> [ABOUT THIS TASK] Beginning with the line below that contains "2026 Lady Dior Handbag Size:17*7*15 cm" and ending with the line that contains "Nahaufnahme eines Geschäftsmannes, der", retype every line exactly. Pictures are not copied.

> [INPUT DATA]

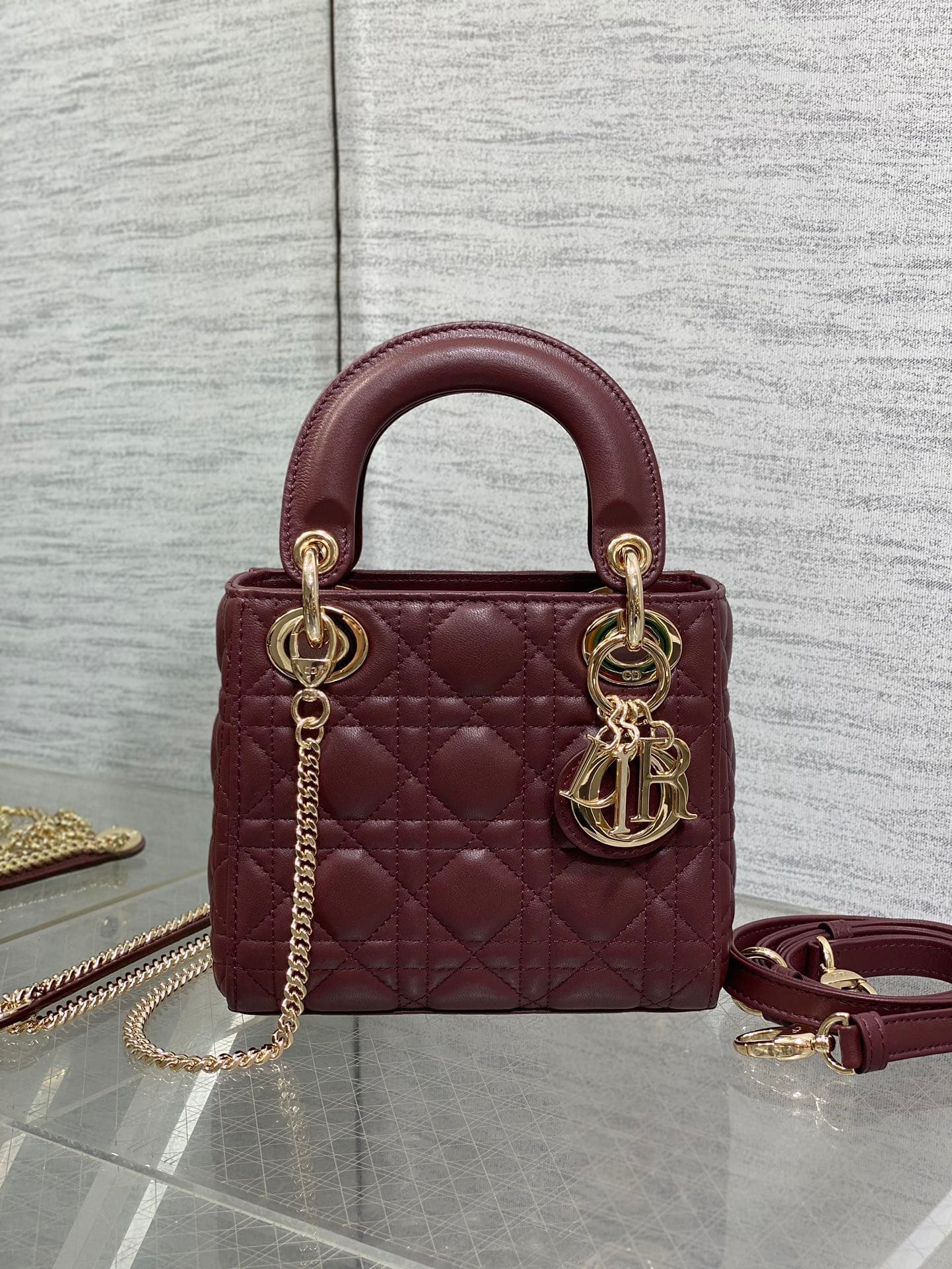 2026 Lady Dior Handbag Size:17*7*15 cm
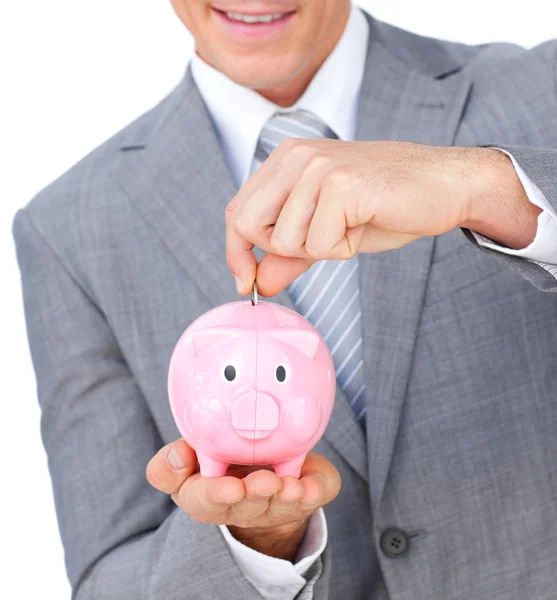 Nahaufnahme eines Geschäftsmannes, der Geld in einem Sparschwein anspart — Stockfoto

--

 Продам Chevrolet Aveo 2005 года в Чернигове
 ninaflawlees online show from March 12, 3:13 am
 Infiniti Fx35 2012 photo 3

> [WORKED SOLUTION]
 2026 Lady Dior Handbag Size:17*7*15 cm
 Nahaufnahme eines Geschäftsmannes, der Geld in einem Sparschwein anspart — Stockfoto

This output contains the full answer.